**Task to carry out:** Every line holding "with" should be copied from the records below.

**Supplied material:**
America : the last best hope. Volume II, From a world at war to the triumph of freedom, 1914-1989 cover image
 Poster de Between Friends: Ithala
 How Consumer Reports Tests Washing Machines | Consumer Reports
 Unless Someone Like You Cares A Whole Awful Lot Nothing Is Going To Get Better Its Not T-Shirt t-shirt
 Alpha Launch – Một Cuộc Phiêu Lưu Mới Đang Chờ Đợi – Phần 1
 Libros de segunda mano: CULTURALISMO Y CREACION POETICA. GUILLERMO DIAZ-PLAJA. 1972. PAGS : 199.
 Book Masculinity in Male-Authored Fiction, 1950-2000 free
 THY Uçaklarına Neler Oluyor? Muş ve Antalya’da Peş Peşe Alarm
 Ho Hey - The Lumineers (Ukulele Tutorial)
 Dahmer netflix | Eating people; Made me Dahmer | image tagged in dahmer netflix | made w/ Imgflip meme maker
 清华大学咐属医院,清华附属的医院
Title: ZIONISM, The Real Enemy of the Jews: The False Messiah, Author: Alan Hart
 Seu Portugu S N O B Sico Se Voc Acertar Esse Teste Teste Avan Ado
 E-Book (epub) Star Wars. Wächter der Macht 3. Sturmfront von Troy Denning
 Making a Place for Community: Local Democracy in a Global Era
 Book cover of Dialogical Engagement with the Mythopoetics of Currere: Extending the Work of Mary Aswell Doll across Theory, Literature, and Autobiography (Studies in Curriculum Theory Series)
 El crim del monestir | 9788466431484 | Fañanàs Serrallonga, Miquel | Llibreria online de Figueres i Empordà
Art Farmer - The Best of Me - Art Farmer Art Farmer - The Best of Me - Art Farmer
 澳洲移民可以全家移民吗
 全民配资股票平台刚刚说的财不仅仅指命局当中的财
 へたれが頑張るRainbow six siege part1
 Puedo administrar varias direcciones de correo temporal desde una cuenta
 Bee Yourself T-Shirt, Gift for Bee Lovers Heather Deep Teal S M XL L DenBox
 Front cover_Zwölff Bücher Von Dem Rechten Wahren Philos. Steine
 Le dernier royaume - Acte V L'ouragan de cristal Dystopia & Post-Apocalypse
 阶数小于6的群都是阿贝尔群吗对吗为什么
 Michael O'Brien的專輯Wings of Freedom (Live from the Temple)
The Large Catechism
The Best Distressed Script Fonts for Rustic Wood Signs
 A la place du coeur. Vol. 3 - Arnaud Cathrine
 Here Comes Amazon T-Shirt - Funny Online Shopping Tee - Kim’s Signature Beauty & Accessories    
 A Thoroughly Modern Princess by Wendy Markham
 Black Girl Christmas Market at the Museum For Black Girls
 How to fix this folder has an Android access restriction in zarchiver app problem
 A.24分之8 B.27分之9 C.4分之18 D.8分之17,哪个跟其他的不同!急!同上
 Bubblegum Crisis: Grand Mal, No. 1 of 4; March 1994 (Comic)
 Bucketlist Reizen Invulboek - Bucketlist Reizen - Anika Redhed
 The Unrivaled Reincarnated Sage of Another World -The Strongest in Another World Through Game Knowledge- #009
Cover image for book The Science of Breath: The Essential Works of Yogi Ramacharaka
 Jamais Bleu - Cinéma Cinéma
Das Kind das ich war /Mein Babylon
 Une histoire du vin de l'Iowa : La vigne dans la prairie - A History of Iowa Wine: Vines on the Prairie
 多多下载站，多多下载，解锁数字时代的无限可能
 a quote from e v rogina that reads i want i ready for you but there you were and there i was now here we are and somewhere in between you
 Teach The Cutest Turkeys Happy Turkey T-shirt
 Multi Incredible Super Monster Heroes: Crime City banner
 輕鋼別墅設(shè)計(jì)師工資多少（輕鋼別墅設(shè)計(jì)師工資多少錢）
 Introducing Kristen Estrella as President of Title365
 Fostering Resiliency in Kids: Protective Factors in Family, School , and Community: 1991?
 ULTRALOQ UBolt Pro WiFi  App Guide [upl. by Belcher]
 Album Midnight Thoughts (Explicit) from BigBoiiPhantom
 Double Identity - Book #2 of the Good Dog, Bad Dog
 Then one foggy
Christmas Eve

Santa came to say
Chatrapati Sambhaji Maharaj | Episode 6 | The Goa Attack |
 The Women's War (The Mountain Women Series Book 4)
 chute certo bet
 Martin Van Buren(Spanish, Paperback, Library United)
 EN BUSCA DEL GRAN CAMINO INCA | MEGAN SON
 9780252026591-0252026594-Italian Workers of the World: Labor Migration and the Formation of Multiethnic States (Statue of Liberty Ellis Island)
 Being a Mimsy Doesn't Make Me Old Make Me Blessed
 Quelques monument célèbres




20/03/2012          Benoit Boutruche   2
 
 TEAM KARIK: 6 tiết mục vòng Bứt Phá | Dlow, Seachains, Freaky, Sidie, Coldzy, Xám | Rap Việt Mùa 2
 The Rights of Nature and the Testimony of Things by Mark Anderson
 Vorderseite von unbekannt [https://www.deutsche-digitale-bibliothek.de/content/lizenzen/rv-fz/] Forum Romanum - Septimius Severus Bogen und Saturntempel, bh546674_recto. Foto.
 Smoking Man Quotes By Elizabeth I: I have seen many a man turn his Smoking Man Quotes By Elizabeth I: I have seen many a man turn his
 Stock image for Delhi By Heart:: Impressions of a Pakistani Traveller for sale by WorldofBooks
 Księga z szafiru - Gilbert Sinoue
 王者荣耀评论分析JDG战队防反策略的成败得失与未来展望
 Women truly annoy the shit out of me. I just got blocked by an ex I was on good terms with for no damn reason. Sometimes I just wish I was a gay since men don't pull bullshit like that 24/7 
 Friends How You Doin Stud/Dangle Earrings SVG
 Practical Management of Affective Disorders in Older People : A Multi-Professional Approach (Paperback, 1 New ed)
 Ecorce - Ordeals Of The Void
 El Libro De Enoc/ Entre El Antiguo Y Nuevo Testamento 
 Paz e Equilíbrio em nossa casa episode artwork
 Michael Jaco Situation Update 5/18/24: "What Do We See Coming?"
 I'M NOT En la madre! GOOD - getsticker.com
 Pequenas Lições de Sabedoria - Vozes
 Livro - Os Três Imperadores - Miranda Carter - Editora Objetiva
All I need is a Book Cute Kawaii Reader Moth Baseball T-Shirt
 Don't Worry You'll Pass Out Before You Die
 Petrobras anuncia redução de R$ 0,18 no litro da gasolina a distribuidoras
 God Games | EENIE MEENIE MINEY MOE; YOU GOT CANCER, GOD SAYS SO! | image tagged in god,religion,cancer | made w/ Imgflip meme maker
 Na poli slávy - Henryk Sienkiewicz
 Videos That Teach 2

**Task answer:**
 Book cover of Dialogical Engagement with the Mythopoetics of Currere: Extending the Work of Mary Aswell Doll across Theory, Literature, and Autobiography (Studies in Curriculum Theory Series)
 Women truly annoy the shit out of me. I just got blocked by an ex I was on good terms with for no damn reason. Sometimes I just wish I was a gay since men don't pull bullshit like that 24/7 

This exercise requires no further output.